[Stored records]
------------------------------------

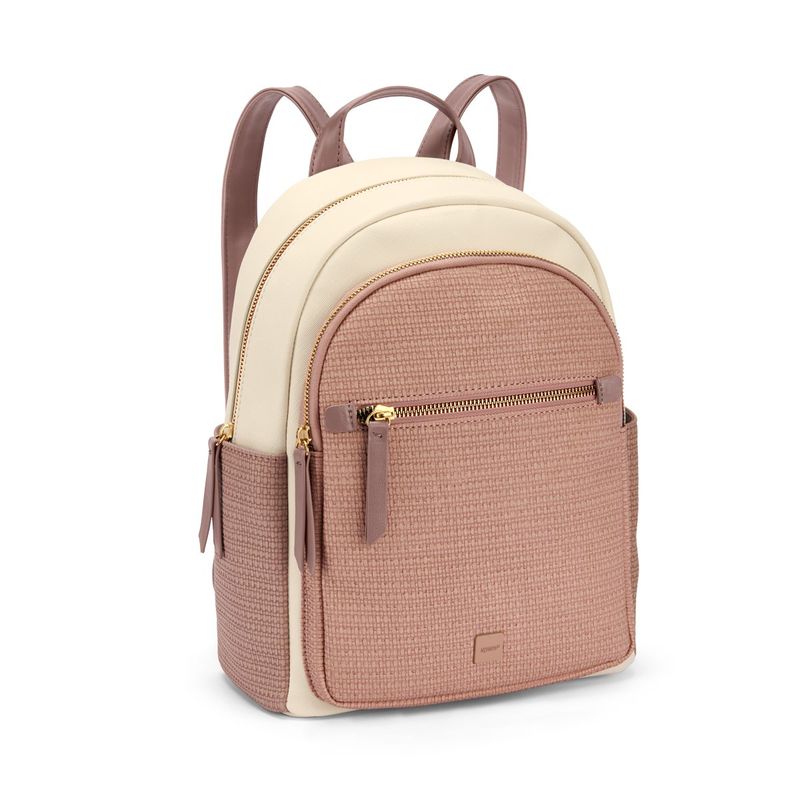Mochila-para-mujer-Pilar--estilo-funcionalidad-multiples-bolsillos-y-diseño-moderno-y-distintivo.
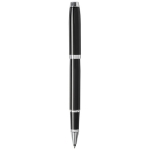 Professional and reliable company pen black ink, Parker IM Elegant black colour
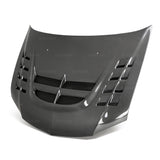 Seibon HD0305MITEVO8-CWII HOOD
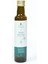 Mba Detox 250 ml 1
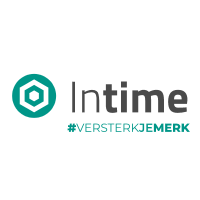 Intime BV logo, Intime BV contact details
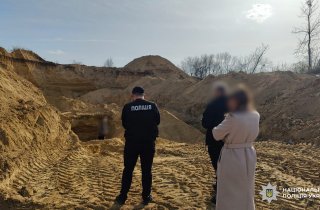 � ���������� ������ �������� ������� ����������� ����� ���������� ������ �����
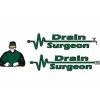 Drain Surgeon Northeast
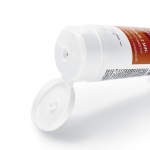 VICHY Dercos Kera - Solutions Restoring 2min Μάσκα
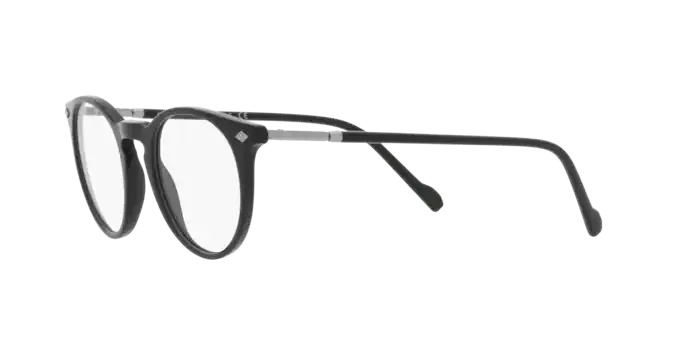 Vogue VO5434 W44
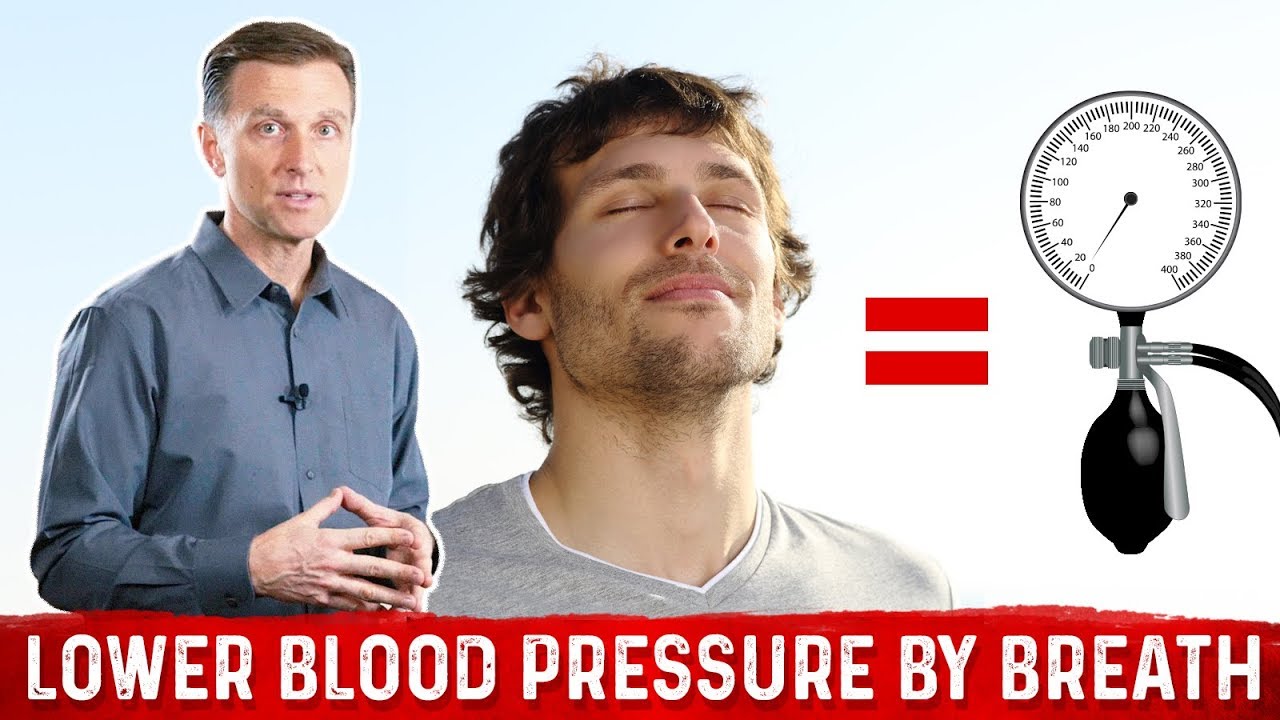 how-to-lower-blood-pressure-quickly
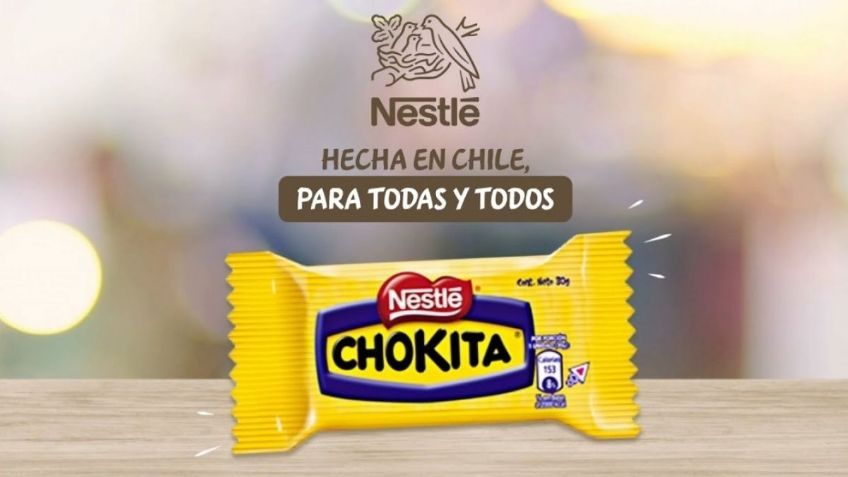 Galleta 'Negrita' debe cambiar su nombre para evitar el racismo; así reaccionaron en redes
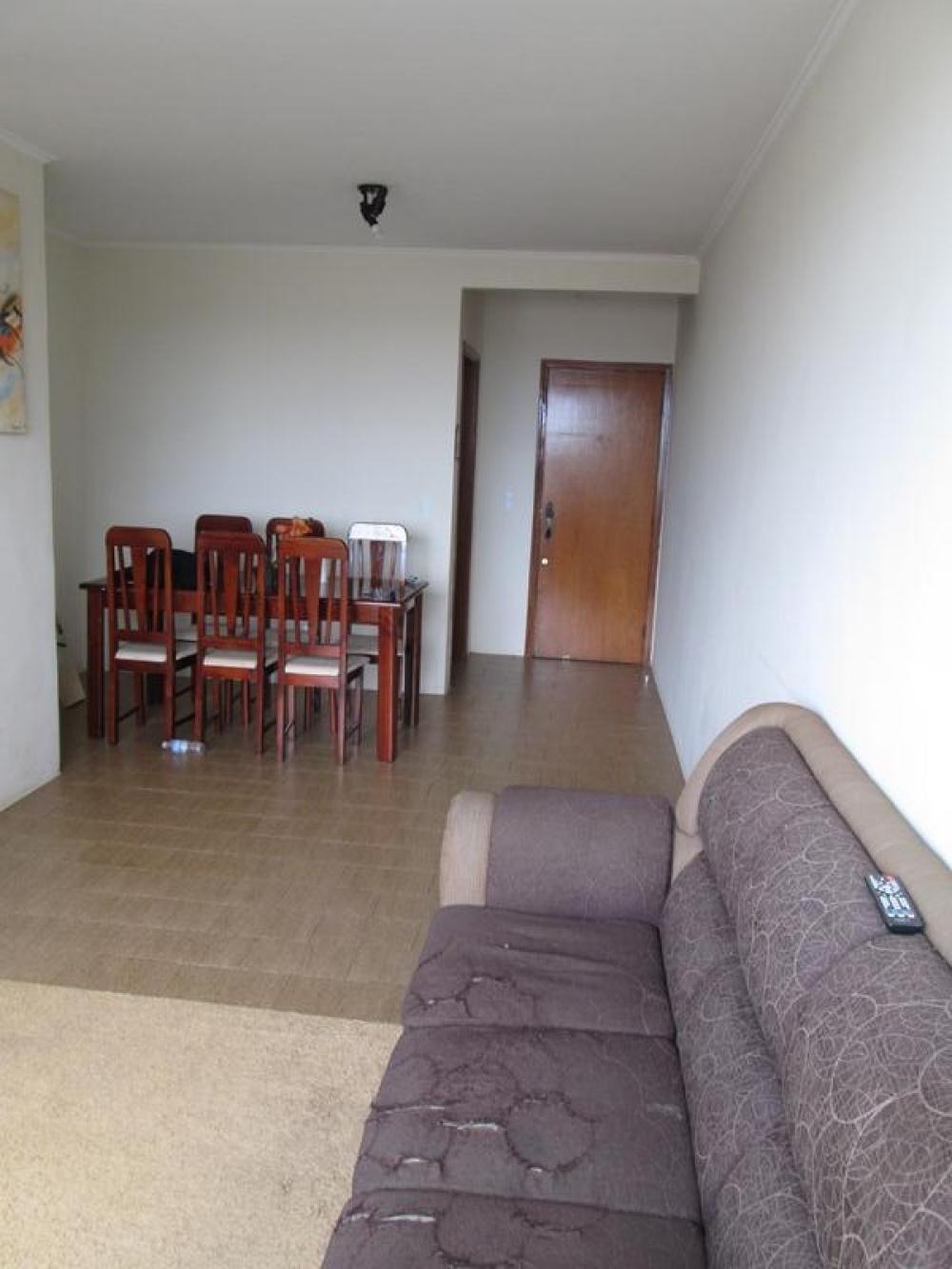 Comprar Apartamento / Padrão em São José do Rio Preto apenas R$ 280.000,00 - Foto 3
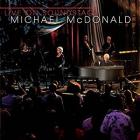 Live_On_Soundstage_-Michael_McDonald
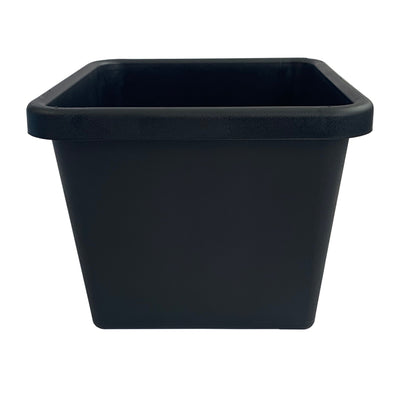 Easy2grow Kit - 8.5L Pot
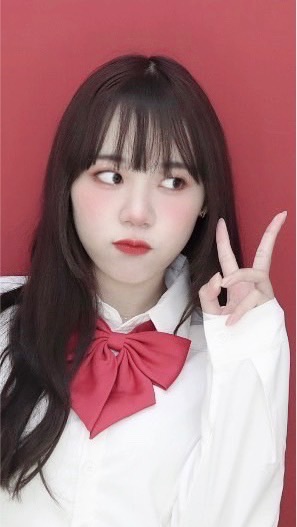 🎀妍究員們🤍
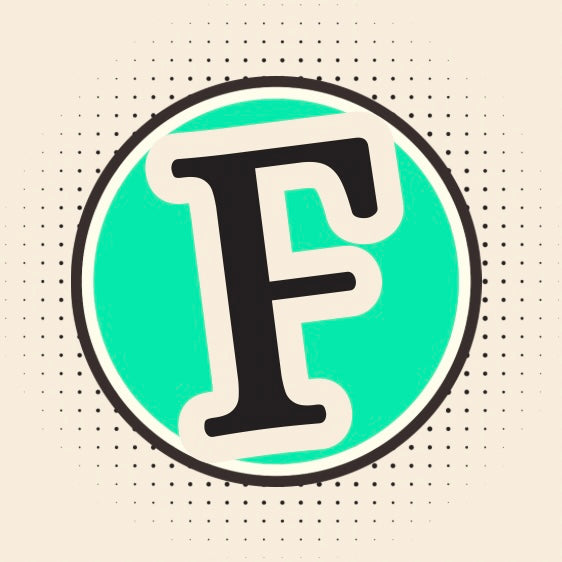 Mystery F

------------------------------------

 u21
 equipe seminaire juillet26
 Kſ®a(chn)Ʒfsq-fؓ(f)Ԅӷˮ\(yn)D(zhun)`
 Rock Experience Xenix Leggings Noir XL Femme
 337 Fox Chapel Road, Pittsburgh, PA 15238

------------------------------------

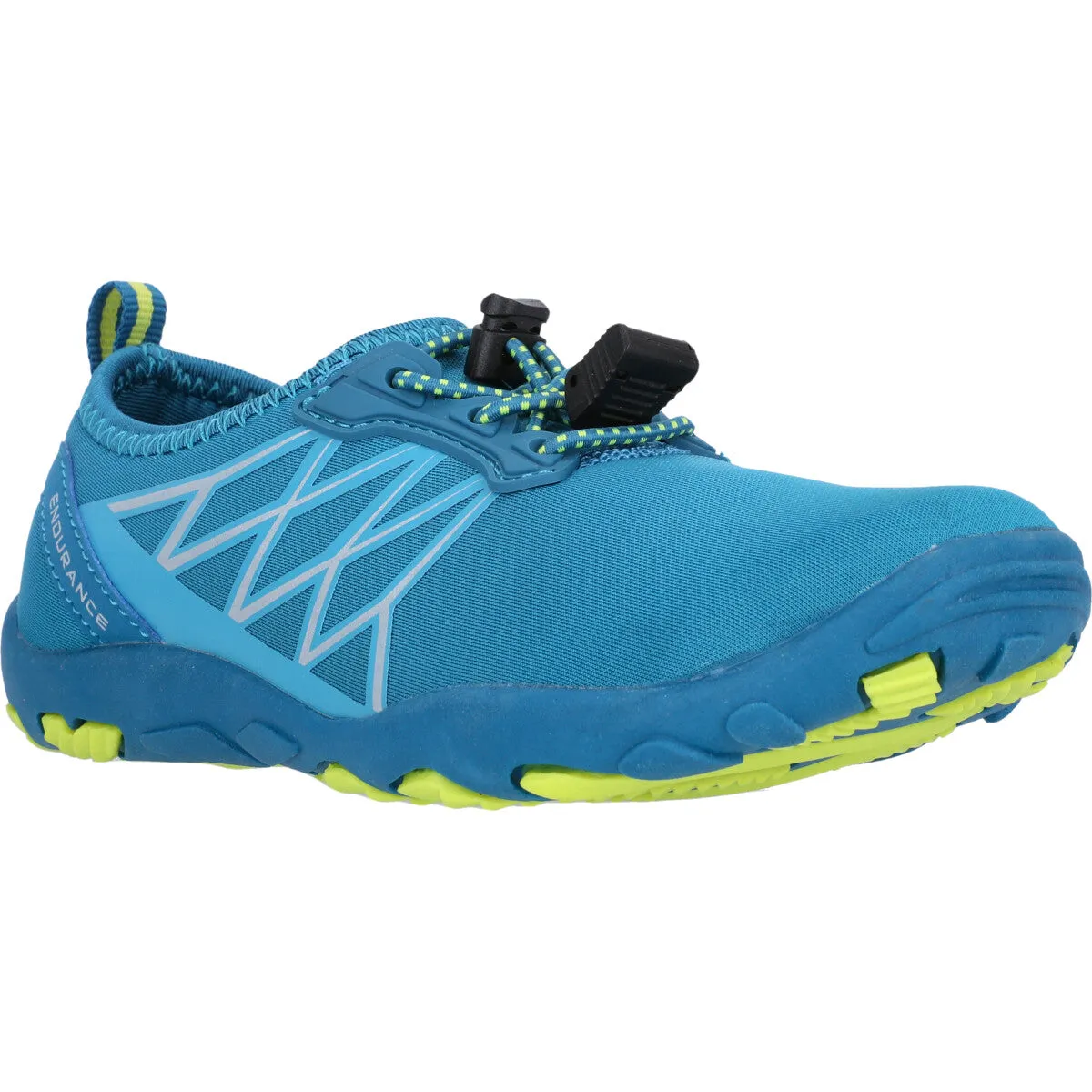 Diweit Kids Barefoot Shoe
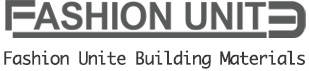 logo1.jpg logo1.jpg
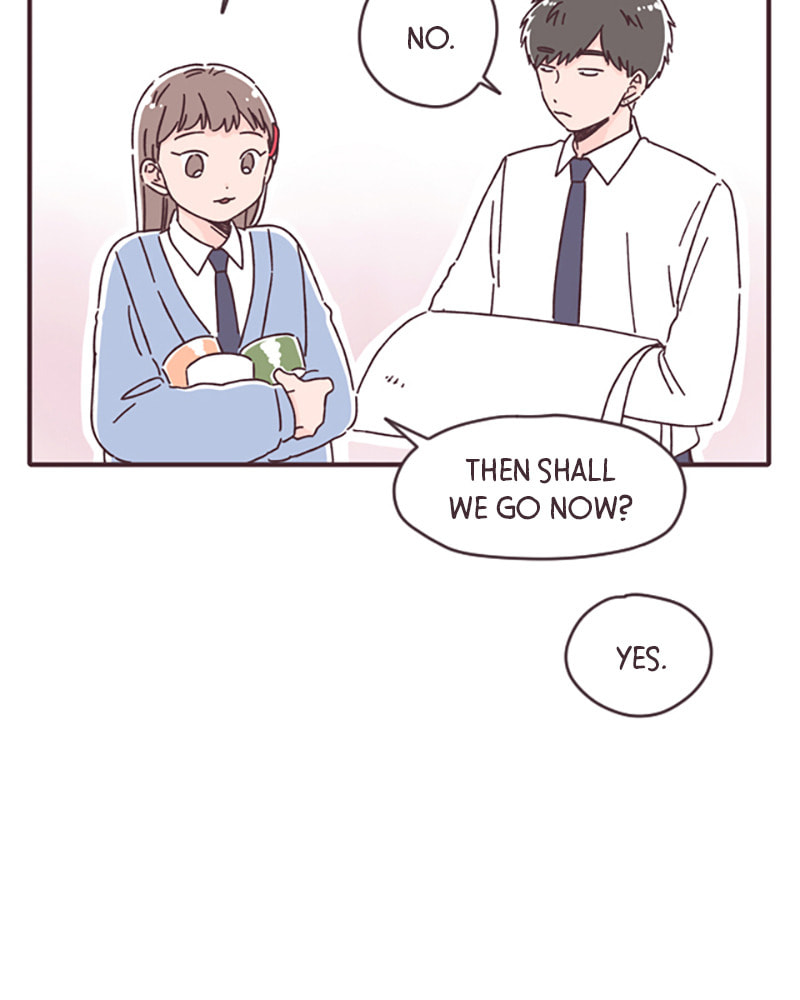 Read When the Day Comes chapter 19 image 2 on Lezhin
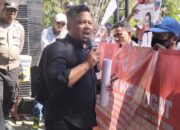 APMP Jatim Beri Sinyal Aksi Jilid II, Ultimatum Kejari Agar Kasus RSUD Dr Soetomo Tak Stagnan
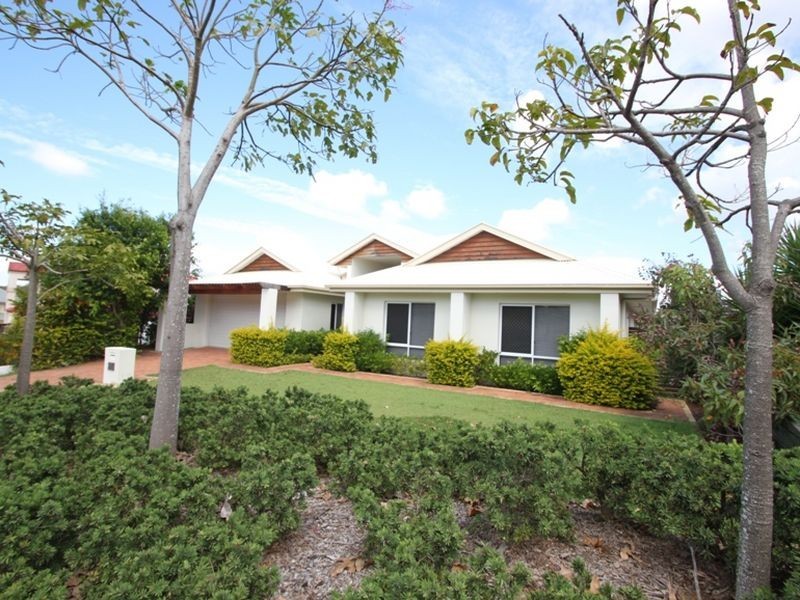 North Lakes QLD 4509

------------------------------------

Your task is to copy only the lines above starting at the one containing "Mochila-para-m" and ending at the one containing "Intime BV logo, Intime BV contact details". Copy them exactly, both ends included, and omit the pictures.

Mochila-para-mujer-Pilar--estilo-funcionalidad-multiples-bolsillos-y-diseño-moderno-y-distintivo.
 Professional and reliable company pen black ink, Parker IM Elegant black colour
 Seibon HD0305MITEVO8-CWII HOOD
 Mba Detox 250 ml 1
 Intime BV logo, Intime BV contact details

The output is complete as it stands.